When the putative Coleopteran AKH precursors are aligned it is evident that they consist of four different regions, the signal peptide, the AKH peptide sequence with its processing site consisting of the GKR triplet, a hydrophilic connecting peptide (C-peptide) and a more hydrophobic disulfide bridge containing sequence (Cys-peptide). It is noticeable that the sequences of the signal peptides, AKHs and the Cys-peptides are very well conserved (Fig. 7), albeit that there are a number of exceptions. The most glaring examples are the second putative Harmonia AKH gene, which obviously can not encode an AKH, and the putative Aethina AKH precursor that is predicted to have no functional signal peptide.

CCHamide 2

In Leptinotarsa the CCHamide 2 gene is duplicated (Fig. S14) and so is the CCHamide 1 receptor. One of the two CCHamide 2 gene codes for a typical CCHamide 2 neuropeptide, the second CCHamide 2 peptide lacks the typical C-terminal amide. Phylogenetic tree analysis of CCHamide receptors shows that the two Leptinotarsa CCHamide 1 receptors are more similar to one another than to the Anoplophora ortholog, thus suggesting that the duplication of this receptor is relatively recent (Fig. 8).

Exon duplications

Allatostatin CCC

In both Aleochara and Nicrophorus, but not in closely related Oryctes, the second and last coding exon of the allatostatin CCC gene has been duplicated allowing the production of two different allatostatin CCC transcripts (Fig. 9) predicted to produce slightly different allatostatin CCC peptides that both conform to the consensus sequence of this peptide (Veenstra, 2016b).
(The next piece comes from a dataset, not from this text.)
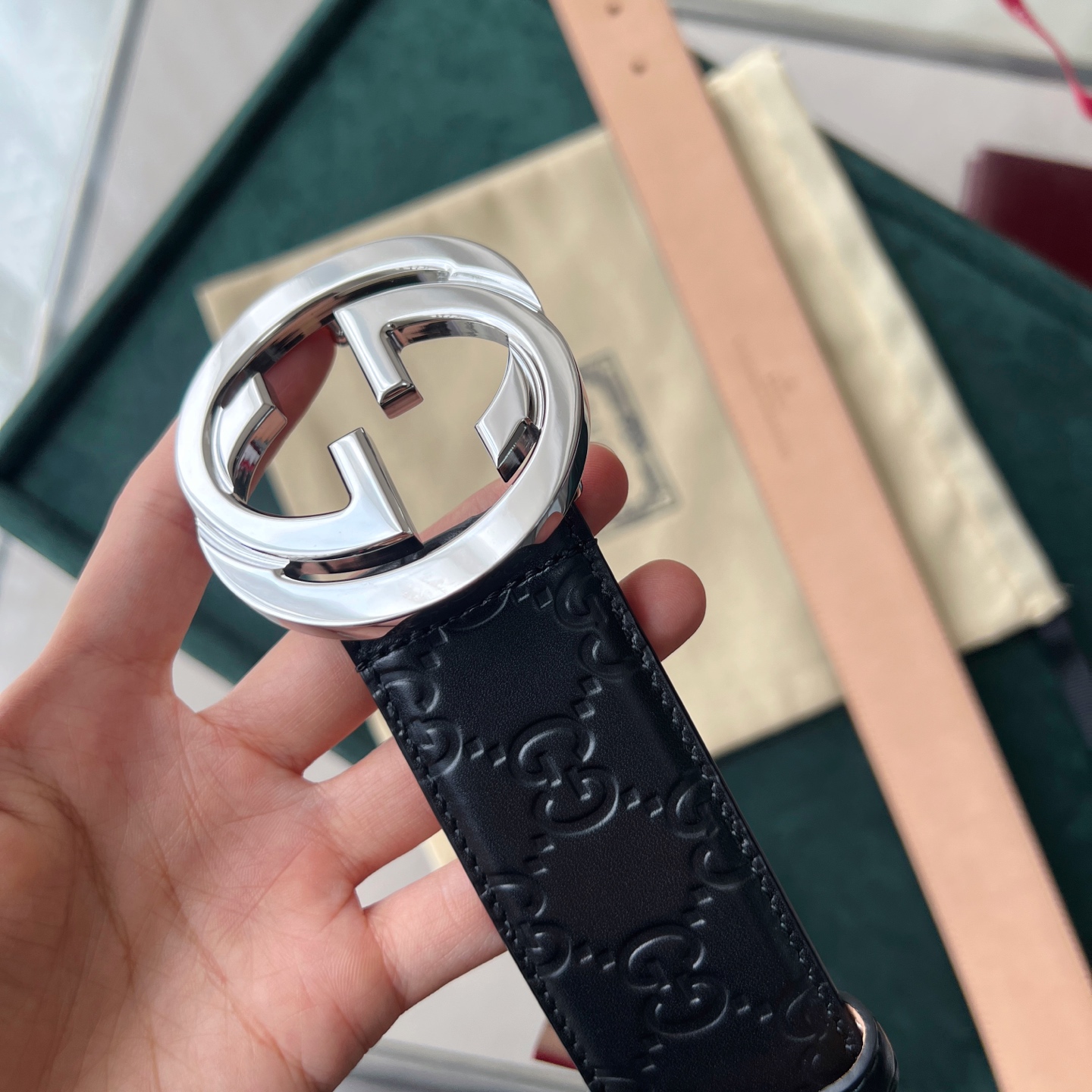 Gucci Basic Belt Cow Leather Black S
In the other species only a single allatostatin CCC precursor was found (Fig. S21).

Allatotropin

The Pogonus allatotropin precursor is almost indistinguishable from the Hemimetabola sequences; it shares with them the N-terminal Gly-Phe-Lys and the remainder of its precursor is also very similar. However, in the other Coleoptera allatotropin sequences these characteristics have not been conserved (Fig. S22). On two occasions, the allatotropin precursor has acquired a second allatotropin paracopy, once by adding a second exon and a second time by adding an additional allatotropin paracopy directly next to the existing one (Fig. 10).

DH31

The DH31 gene shows considerable variation in its structure and the peptides it produces. Although in all species, it codes for the classical DH31 that is very well conserved (Fig. S24), in several species additional neuropeptides are encoded on alternatively spliced mRNAs that do not encode DH31. In its most basic form the gene produces a single transcript from three coding exons containing, respectively, the signal peptide, a conserved peptide that does not look like a neuropeptide, and DH31. In several species, one or two coding exons that code for alternative neuropeptides have been inserted between exons for the conserved peptide and DH31. This leads to alternative splicing in which different neuropeptides are made (Fig. 11). In Hycleus, Tenebrio, and Tribolium at least three different mRNAs are produced enabling precursors sharing the same N-terminal sequence but that have different C-termini encoding an Arg-amide, a short Pro-amide and the typical DH31 peptide, respectively. In contrast to DH31 itself, that has a very well conserved amino acid sequence, these alternative DH31 gene products lack well defined consensus sequences and are neither very similar to DH31 (Fig. S25).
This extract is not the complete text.